Mr Husband has been outstationed for the past few days. He was on a course in Kuala Lumpur. I had wanted to take leave and follow suit – enjoying a short break and the amenities of the hotel but I had more engaging responsibilities. This time our son is entrusted in my care as opposed to the last time he was away in Jakarta. In Jakarta, Hazeeq was with him for 5 days.

When he came back from Jakarta’s last trip, I kind of reorganized our little room at the back of the house into Hazeeq’s playroom as a surprise. They were both elated. Macam sidak ang moh.. ada little nursery.
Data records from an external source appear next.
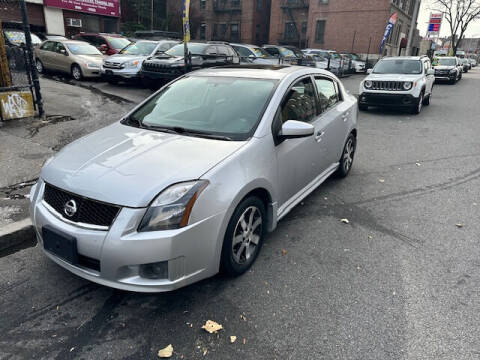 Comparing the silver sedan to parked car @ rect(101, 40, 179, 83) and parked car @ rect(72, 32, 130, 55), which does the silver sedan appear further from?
parked car @ rect(72, 32, 130, 55)

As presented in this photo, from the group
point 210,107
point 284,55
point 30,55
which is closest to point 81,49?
point 30,55

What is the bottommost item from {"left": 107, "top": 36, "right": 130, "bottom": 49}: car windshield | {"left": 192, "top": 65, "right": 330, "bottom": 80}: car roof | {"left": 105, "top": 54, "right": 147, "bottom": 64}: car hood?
{"left": 105, "top": 54, "right": 147, "bottom": 64}: car hood

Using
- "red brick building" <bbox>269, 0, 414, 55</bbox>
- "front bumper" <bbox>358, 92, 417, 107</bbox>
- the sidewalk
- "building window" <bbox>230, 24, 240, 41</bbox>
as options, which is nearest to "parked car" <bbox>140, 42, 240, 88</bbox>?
the sidewalk

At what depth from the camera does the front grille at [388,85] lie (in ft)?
36.8

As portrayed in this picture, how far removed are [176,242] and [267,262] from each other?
1.24 meters

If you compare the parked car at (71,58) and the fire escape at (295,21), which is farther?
the fire escape at (295,21)

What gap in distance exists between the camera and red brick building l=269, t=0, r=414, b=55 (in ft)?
114

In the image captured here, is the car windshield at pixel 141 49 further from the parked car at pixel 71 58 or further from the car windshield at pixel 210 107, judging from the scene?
the car windshield at pixel 210 107

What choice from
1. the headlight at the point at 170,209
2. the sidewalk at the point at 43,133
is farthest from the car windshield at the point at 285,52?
the headlight at the point at 170,209

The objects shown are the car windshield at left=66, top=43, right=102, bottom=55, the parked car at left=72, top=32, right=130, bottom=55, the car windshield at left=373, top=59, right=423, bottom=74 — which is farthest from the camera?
the parked car at left=72, top=32, right=130, bottom=55

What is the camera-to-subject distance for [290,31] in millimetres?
39844

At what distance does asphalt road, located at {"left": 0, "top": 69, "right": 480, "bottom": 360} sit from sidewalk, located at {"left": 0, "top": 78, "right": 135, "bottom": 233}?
3.88 feet

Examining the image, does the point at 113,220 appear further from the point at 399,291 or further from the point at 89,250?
the point at 399,291

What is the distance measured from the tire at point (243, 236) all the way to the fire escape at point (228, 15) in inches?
1623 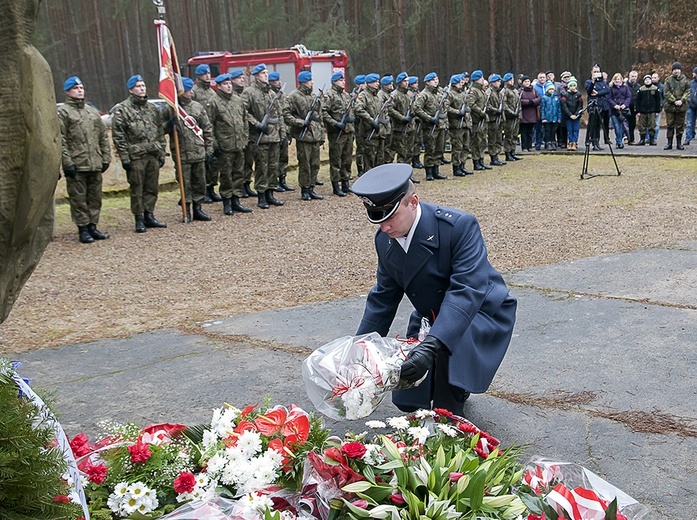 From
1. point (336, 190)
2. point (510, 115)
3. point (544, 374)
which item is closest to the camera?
point (544, 374)

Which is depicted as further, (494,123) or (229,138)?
(494,123)

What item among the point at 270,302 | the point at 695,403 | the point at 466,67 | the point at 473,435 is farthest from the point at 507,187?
the point at 466,67

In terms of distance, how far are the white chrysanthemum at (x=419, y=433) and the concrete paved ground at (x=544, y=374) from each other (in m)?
0.77

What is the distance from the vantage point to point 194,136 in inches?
471

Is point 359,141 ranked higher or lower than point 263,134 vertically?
lower

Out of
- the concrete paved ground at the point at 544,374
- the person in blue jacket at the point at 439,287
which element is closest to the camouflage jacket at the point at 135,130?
the concrete paved ground at the point at 544,374

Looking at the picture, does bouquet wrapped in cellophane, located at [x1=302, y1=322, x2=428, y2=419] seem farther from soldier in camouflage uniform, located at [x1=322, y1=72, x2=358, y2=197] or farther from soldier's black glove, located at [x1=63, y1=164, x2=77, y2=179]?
soldier in camouflage uniform, located at [x1=322, y1=72, x2=358, y2=197]

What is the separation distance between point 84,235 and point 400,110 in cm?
750

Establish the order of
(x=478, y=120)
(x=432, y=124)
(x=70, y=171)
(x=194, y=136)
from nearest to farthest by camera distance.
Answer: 1. (x=70, y=171)
2. (x=194, y=136)
3. (x=432, y=124)
4. (x=478, y=120)

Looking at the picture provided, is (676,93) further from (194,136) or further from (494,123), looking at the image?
(194,136)

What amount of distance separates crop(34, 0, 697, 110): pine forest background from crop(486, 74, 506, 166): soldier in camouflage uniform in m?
13.4

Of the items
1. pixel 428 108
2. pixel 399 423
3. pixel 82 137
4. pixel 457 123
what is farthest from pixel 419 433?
→ pixel 457 123

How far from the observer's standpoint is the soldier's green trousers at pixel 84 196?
10.8 meters

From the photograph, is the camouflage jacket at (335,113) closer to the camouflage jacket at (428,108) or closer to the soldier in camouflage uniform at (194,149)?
the camouflage jacket at (428,108) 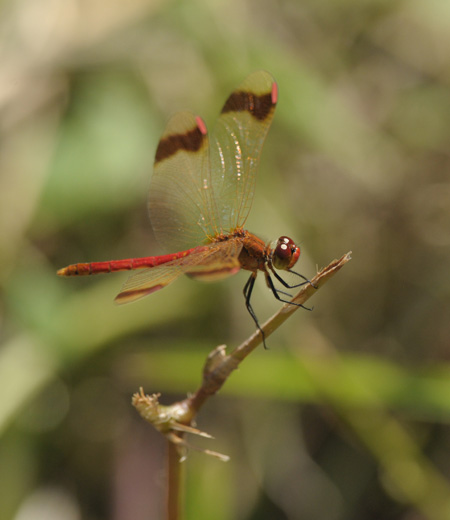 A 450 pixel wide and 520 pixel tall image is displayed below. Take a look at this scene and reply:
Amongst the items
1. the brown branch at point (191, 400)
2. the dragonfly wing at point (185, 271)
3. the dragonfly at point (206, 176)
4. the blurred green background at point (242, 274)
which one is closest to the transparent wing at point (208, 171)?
the dragonfly at point (206, 176)

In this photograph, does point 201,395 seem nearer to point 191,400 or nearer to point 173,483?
point 191,400

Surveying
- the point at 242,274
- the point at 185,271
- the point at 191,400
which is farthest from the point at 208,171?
the point at 191,400

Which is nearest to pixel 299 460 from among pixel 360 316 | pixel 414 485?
pixel 414 485

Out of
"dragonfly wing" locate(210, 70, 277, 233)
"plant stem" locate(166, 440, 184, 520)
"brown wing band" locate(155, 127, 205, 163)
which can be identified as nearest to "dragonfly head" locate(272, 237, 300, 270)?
"dragonfly wing" locate(210, 70, 277, 233)

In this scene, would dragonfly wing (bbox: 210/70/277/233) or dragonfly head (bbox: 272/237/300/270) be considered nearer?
dragonfly head (bbox: 272/237/300/270)

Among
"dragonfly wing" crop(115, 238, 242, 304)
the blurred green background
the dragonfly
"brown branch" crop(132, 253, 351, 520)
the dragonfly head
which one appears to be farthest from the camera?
the blurred green background

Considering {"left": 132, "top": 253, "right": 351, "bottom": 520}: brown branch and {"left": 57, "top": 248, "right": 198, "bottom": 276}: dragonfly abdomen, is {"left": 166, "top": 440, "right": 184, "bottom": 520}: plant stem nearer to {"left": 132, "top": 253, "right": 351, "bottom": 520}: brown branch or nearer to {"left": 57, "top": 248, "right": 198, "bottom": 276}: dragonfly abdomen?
{"left": 132, "top": 253, "right": 351, "bottom": 520}: brown branch

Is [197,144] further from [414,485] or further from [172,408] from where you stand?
[414,485] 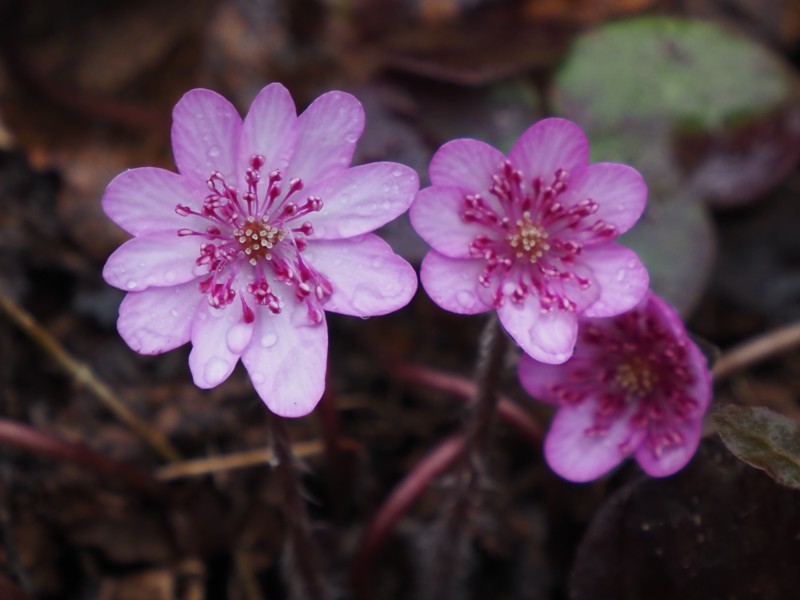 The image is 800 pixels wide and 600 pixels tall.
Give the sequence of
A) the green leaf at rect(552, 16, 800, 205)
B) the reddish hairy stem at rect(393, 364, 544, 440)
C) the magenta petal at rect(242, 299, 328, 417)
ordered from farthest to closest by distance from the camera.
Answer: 1. the green leaf at rect(552, 16, 800, 205)
2. the reddish hairy stem at rect(393, 364, 544, 440)
3. the magenta petal at rect(242, 299, 328, 417)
As of now, I couldn’t think of a better home project. I supposed keeping the house the way it is, would be good enough. At least, my own Shakespeare won’t lose his way around the house when he gets home.

Romanticism at its best, huh. Hakikatnya, aku malas.

Subjective pain

I got home to a crying Hazeeq post-call. He was sobbing and clinging on to Mr Husband like a koala. I asked what was the problem. Mr Husband responded cheekily,

“He fell. Got an abrasion wound on his left knee but is wailing like he’s got an open fracture”

HA HA HA. My drama king son!

 EE merajuk

He walked like a cripple the whole day – saying he can’t walk. And we kept reassuring this boy that there is nothing wrong with his leg. He of course does not agree. He forgot about the leg for a while after watching his favourite cartoon. He wanted to run to the fridge to get his Vitagen until that ‘pain on knee extension’ kicks in and there he goes – crying again. He merajuk. He doesn’t want a cute plaster even! He chose to be sulky.

I was more worried that he wouldn’t want to take his shower – but this brave young man said to me,

“Mummy, jom mandi. buang itam”
(mom.. lets go shower. Clean the black thing)

.. this is referring to his wound of course.

He kind of showered himself with special attention to the wound. He drizzled so much water on it, probably hoping that that it will peel off his skin. After a lather of soap and more water, we pat the wound dry and dressed him in his pajamas. I put on his long pants thus concealing the wound and all of a sudden, he can walk almost straight to the kitchen! Still on tiptoes and bent knees but more upright and at a faster pace.

That was when I realized that to him,  Pain will only manifest when it is something he can see. Once I covered up the wound, his pain dissipated and almost went away.

And the next morning, he was already jumping on the bed!